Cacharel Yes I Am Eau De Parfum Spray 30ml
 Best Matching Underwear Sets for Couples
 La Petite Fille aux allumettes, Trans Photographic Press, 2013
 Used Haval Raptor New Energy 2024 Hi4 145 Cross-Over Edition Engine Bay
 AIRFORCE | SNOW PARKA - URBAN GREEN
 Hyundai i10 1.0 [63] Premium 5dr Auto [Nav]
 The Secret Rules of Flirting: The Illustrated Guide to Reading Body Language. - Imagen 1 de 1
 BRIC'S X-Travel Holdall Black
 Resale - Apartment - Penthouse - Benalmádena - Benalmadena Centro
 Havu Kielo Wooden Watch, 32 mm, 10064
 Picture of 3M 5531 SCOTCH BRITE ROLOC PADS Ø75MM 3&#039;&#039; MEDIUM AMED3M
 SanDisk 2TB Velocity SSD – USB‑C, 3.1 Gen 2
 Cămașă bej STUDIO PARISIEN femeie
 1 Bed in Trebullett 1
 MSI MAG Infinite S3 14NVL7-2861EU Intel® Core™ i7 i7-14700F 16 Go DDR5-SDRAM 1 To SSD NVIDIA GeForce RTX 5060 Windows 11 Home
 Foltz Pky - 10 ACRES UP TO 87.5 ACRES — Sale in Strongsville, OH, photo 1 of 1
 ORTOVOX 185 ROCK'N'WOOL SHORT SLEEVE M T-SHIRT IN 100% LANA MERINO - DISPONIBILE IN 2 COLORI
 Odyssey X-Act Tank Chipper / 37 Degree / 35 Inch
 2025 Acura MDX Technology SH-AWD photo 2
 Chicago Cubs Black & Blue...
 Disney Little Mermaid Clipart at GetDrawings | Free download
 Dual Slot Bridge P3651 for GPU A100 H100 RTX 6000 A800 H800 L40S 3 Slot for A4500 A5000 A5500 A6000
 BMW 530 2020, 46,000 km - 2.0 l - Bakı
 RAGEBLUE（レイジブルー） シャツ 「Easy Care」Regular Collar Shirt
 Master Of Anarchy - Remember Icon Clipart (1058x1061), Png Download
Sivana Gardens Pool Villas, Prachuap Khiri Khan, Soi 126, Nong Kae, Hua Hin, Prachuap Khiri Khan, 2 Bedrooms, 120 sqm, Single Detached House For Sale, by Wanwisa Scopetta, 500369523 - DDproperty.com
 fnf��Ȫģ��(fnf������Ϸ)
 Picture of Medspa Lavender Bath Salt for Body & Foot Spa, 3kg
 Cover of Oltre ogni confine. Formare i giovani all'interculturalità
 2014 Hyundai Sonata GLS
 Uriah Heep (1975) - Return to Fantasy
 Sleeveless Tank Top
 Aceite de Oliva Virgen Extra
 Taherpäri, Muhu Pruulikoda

### [WORK INSTRUCTIONS]
Within the data above, how many lines include the word "Body"? Respond with the number only.

### [WRITTEN RESPONSE]
2